Two views on Mind, Concepts and Language

To understand the way in which cognition, the nature of the mind and language relate to each other it is useful to see how two different views on either one of these topics work in comparison to each other.

There is a view on language, concerning the content of proper and common nouns, which claims that their meaning is solely their referent. According to this view, proper nouns have individual objects as referents and common nouns sets of objects. Concepts are similarly understood as just sets of objects. Thus, to know a concept one must know its extension. A view of the mind as causally structured and determined, follows this view. If the mind is an information processing system, it does its processing by taking input and giving output. All these can be understood as the way the mind interprets the environment.

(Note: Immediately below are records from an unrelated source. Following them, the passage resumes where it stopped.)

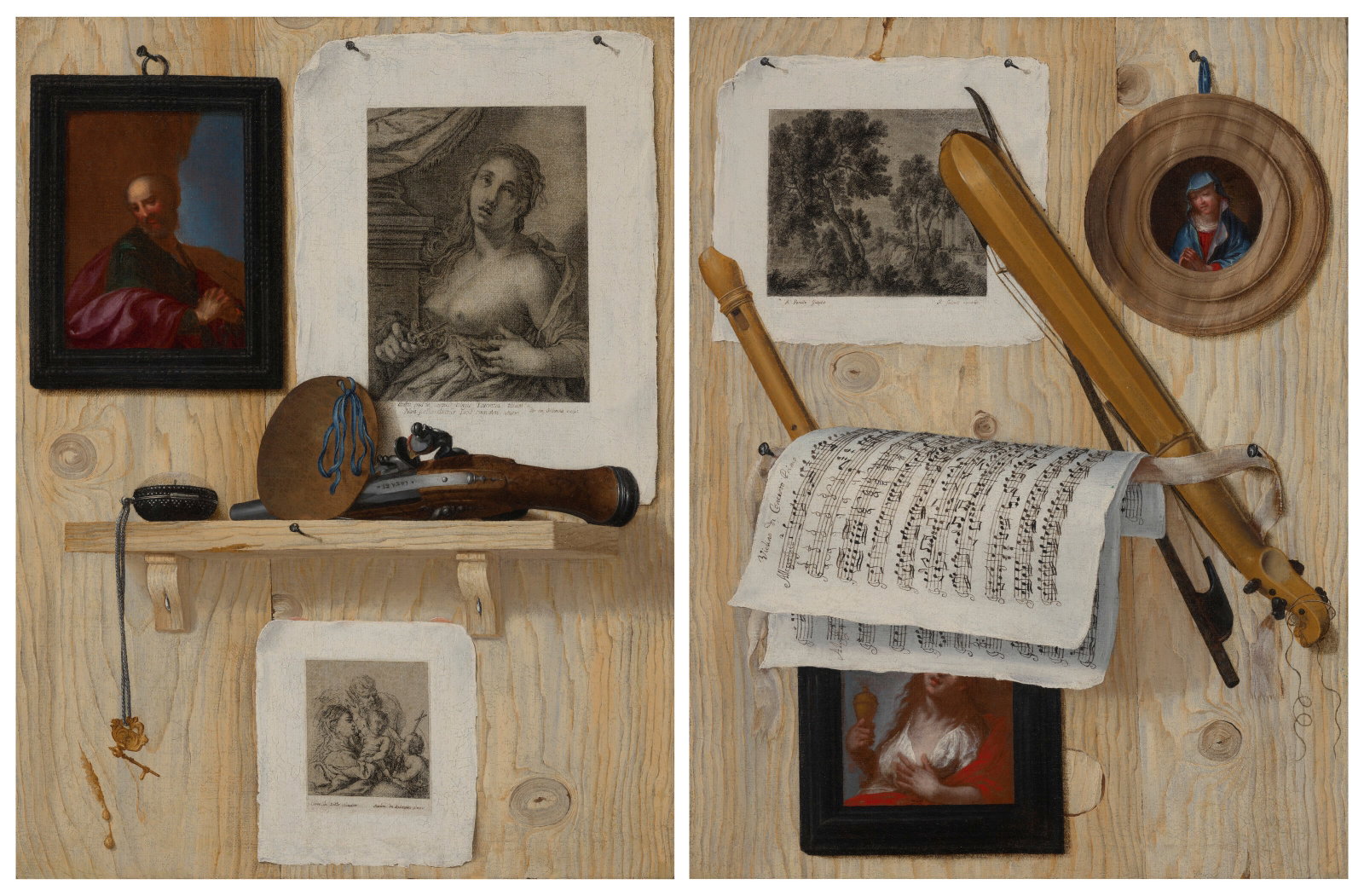 ITALIAN SCHOOL, 18TH CENTURY A trompe l'oeil with a pistol, clock and painter's palette on a shelf,: Details ITALIAN SCHOOL, 18TH CENTURY A trompe l'oeil with a pistol, clock and painter's palette on a shelf, with a print after Hans von Aachen's Death of Lucretia, Cornelis Schut's print of The Holy F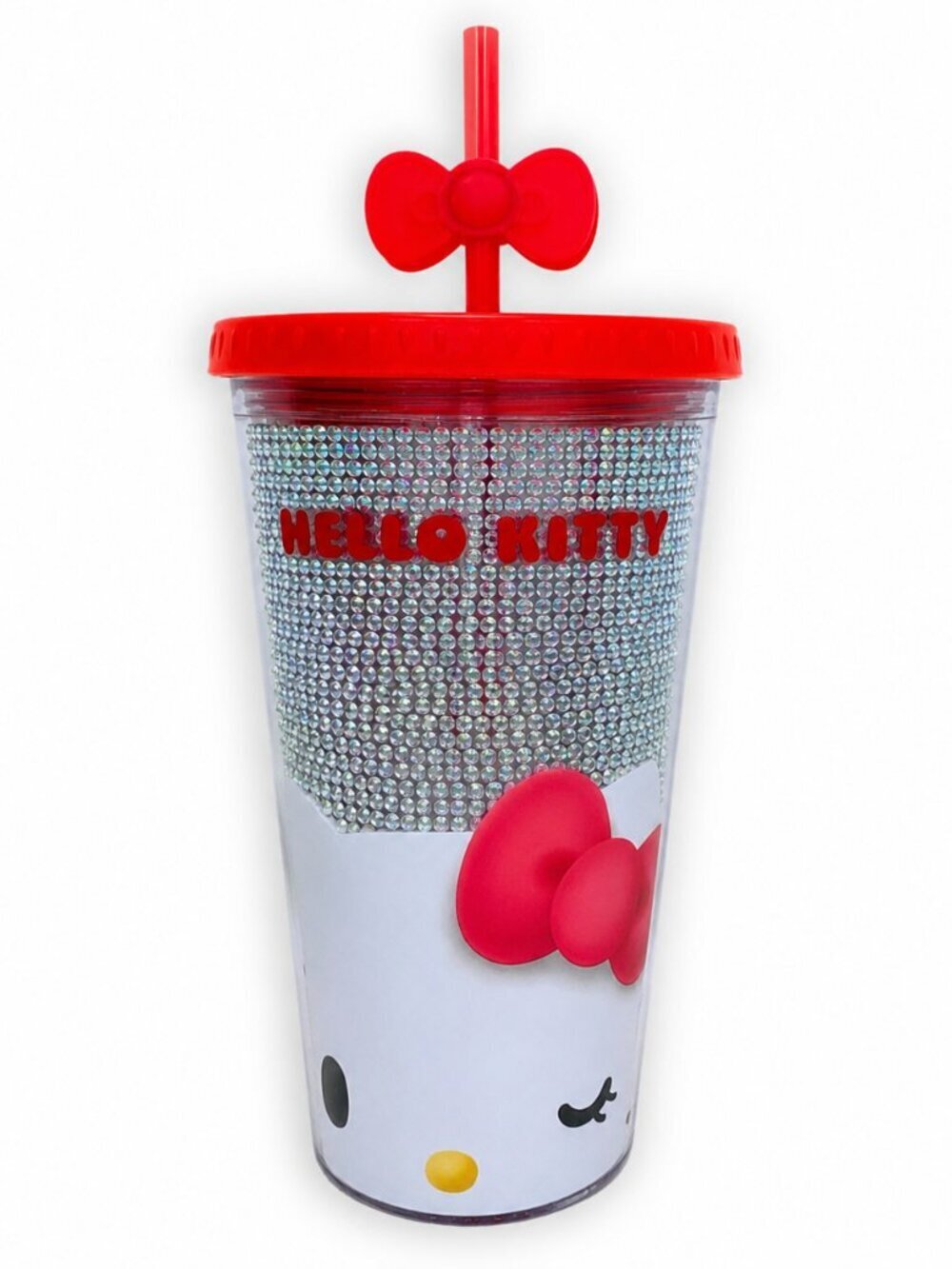 ✨🎀 Official Sanrio Hello Kitty Rhinestone Bling Cold Cup Tumbler w/ Bow Straw ❤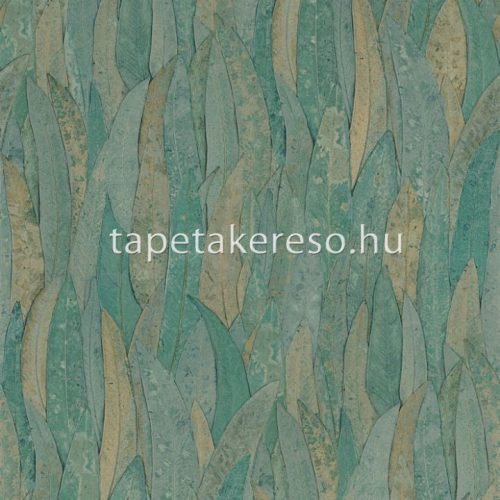 Casamance Golfe Du Bengale vlies, vinyl anyagú zöld, barna színű struktúrált, leveles modern, natural tapéta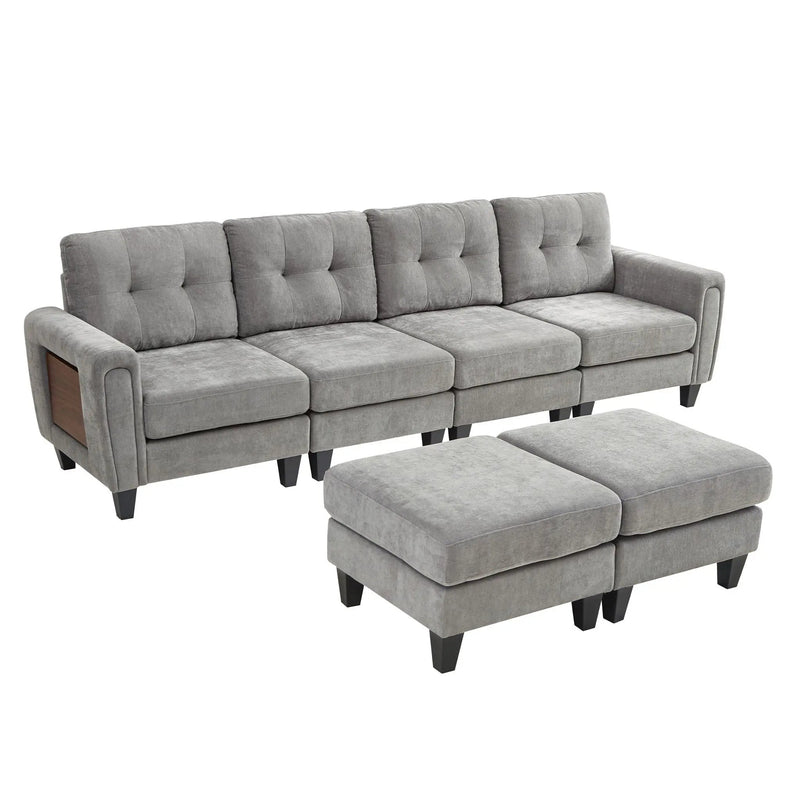 Modular Sectional Sofa With Movable Ottomans, USB Ports & Side Tables by Unique Piece Furniture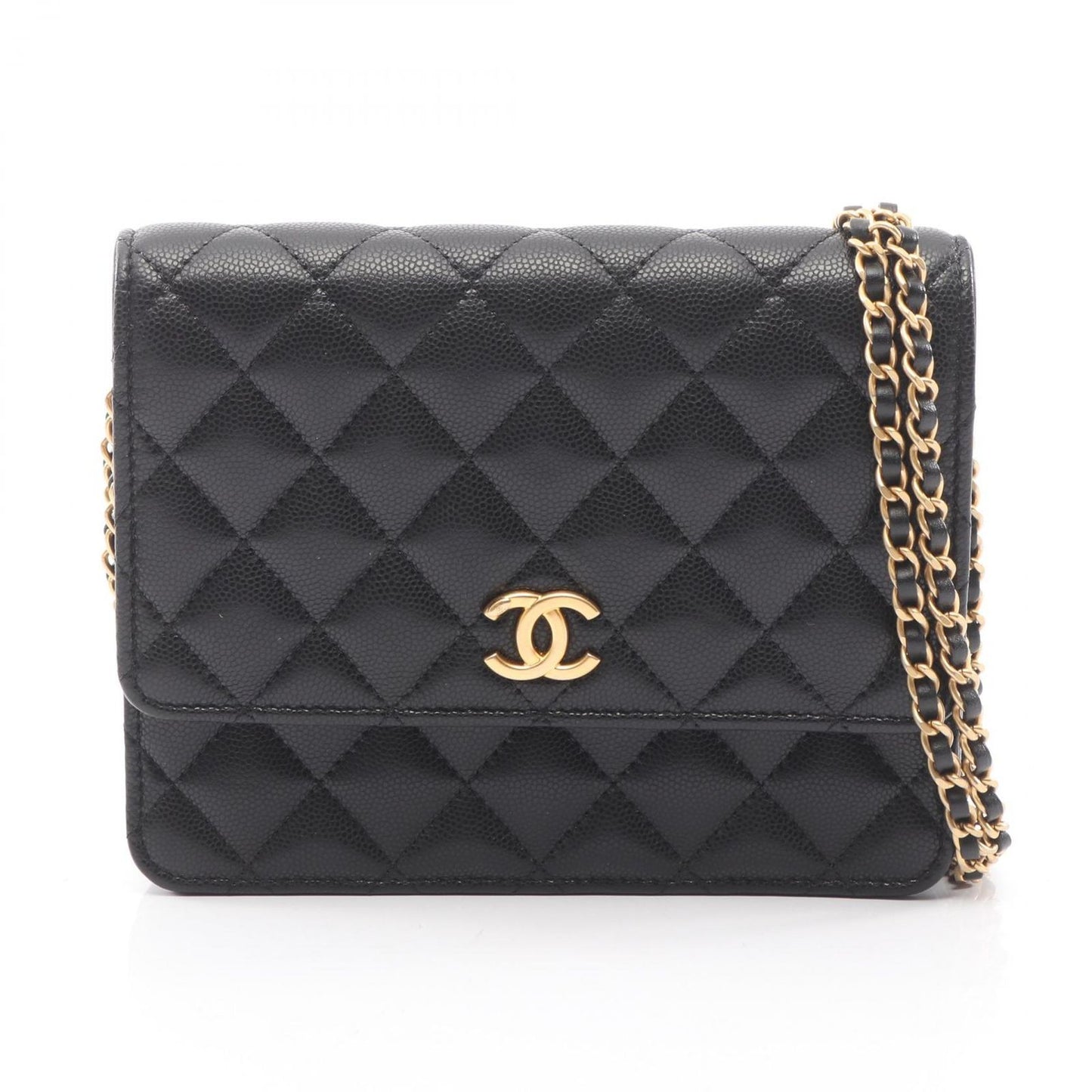 Chanel Shoulder Bag Quilted Chain Wallet Black Caviar Leather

Another view on language claims that the meaning of proper and common nouns is the referent plus a mode of presentation of it. In other terms, the meaning is partly the referent and partly the meaning of a definite description. Concepts are equally defined as having more than just extension; they have, also, an intension. It is difficult to see, however, what an intension is (unlike extensions, intensions are not objects) and, thus, how it relates to the human mind. So there is not an explicitly causal account of the nature of the mind. If the mind is an information processing system it is not clear, neither that it relates causally with the input (environment), nor that the interpretation of the input is a causal function. Two prominent accounts of properties (modal realism and the theory of universals) have been developed to account for intensions. Both, however, leave the processing relations unexplained. This is owed to the fact that there is no causal mind-intension relation; neither for the modal realist view, nor for the view that posits universals.

At this point it is important to note the similarities between both views: the linguistic position they take concerning the meaning of proper and common nouns determines (and is determined by) their view about concepts and about the nature of the mind. Thus, evidence coming from any of these different areas can help getting things clear in the other two. It can be, for instance, that a better view on concepts, and cognition in general, helps us get the story about the mind straight, and also about language. Suppose, for example, that it is shown that the mind works by establishing causal maps of the objects in the environment. Such a view would exclude the possibility of concepts being more than extensions of objects and, with it, the need for something else than referents to determine/constitute meaning.